Source data>
^^^^^^^^
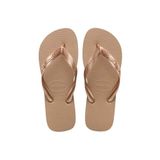 Havaianas Kadın Üst Metalik Parmak Arası Terlik, altın yükseldi, 7.5/8 UK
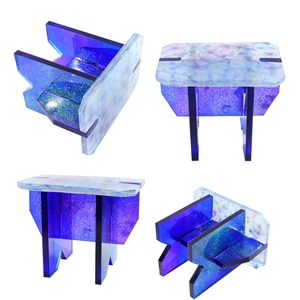 Detailed views of translucent glitter resin stool mold with floral pattern for DIY crafts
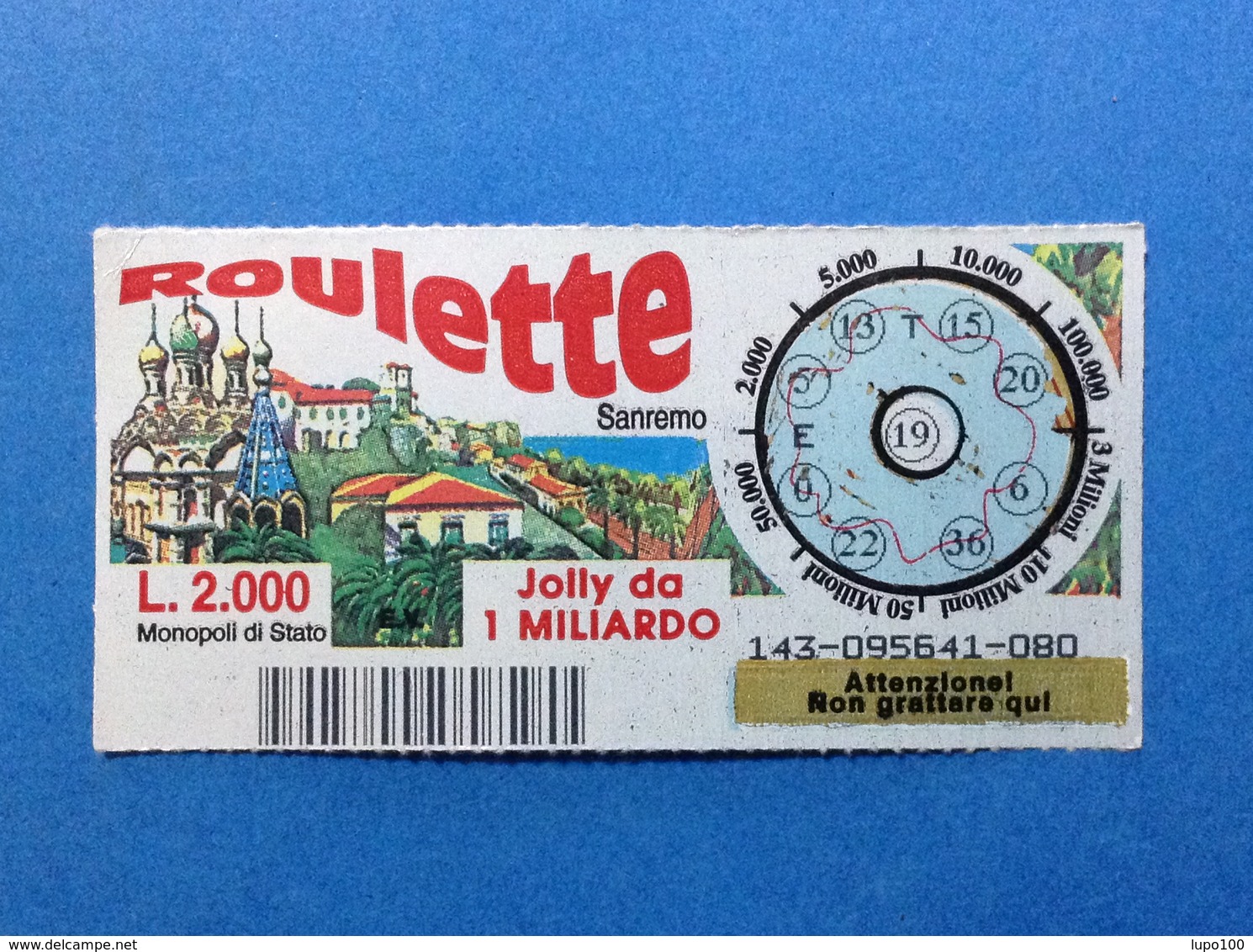 BIGLIETTO LOTTERIA GRATTA E VINCI USATO L. 2000 ROULETTE SANREMO - Biglietti Della Lotteria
^^^^^^^^
Task brief>
The required answer is the material repeated exactly, with no images in it.

Response below>
 Havaianas Kadın Üst Metalik Parmak Arası Terlik, altın yükseldi, 7.5/8 UK
 Detailed views of translucent glitter resin stool mold with floral pattern for DIY crafts
 BIGLIETTO LOTTERIA GRATTA E VINCI USATO L. 2000 ROULETTE SANREMO - Biglietti Della Lotteria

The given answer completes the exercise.